One of the first lunches on my trip came from an organic eatery in The Hague. Unfortunately, I lost the restaurant’s business card, but it’s on Troonstraat, if I recall. Simple, wholesome, and good, this is fast food done correctly.
In Amsterdam, where there is a wealth of culinary choices, I recommend the Indonesian food. Due to the former colonial ties there are plenty of Indonesians in Holland, so much so that sambal is a staple condiment here (not to mention the peanut-butter satay sauce with which the Dutch dowse their French fries). Unfortunately at 4 in the afternoon, we were in that akward space between lunch and dinner and not too many places were open, but we did find a Chinese restaurant that did a decent kung pao chicken (though it could have been a lot spicier!).

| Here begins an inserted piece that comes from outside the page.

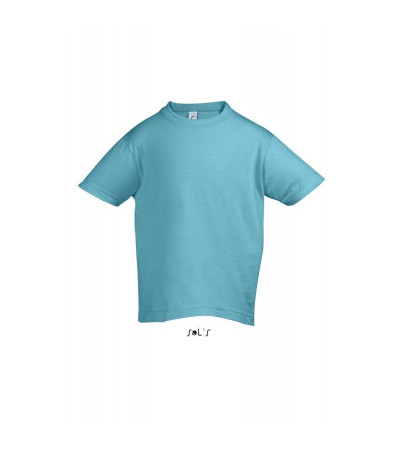 Футболка SOL’S REGENT KIDS-11970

Germany is always a tough one. Breakfast uniformly consists of a variety of cold cuts, cheeses and of course, bread rolls, but thankfully the Germans also find their own food boring, and tend to patronize a whole host of new Thai, Vietnamese, Turkish, and Indian restaurants. Sometimes, though, it’s best not to offer any resistance, and just indulge in that greasy bratwurst with–what else–a bread roll and a dab of Senf (mustard).
Berlin, however, is a different story. This is probably the cheapest city in Western Europe to eat, and they do have pretty much everything. Since Vietnamese is a favorite of mine, we found a really nice spot in Kreuzberg called To Loc (Wiener Strasse 61, 10999 Berlin). Unfortunately I was too busy enjoying my crispy Cantonese style duck that I forgot to take a picture!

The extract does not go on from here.